→ **WORK TASK**
In the data below, repeat the line containing "2162 Conwell Ave — Photo 2" and every following line exactly, up to and including the last line. Exclude pictures.

→ **DATASET EXTRACT**

■ ■ ■ ■

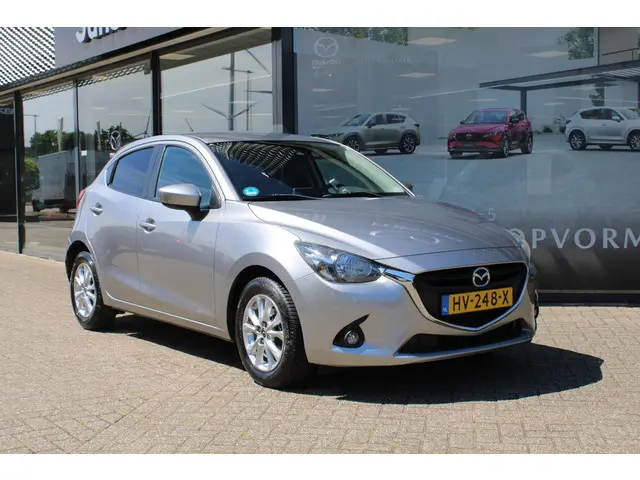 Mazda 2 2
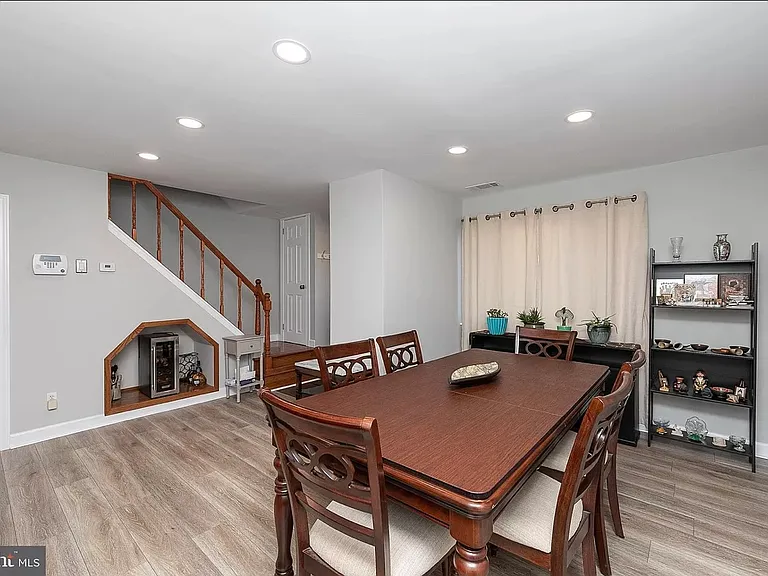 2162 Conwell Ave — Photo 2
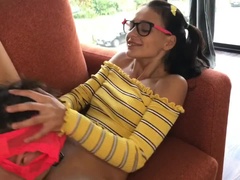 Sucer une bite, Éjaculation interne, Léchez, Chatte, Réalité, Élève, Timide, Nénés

■ ■ ■ ■

→ **EXERCISE ANSWER**
 2162 Conwell Ave — Photo 2
 Sucer une bite, Éjaculation interne, Léchez, Chatte, Réalité, Élève, Timide, Nénés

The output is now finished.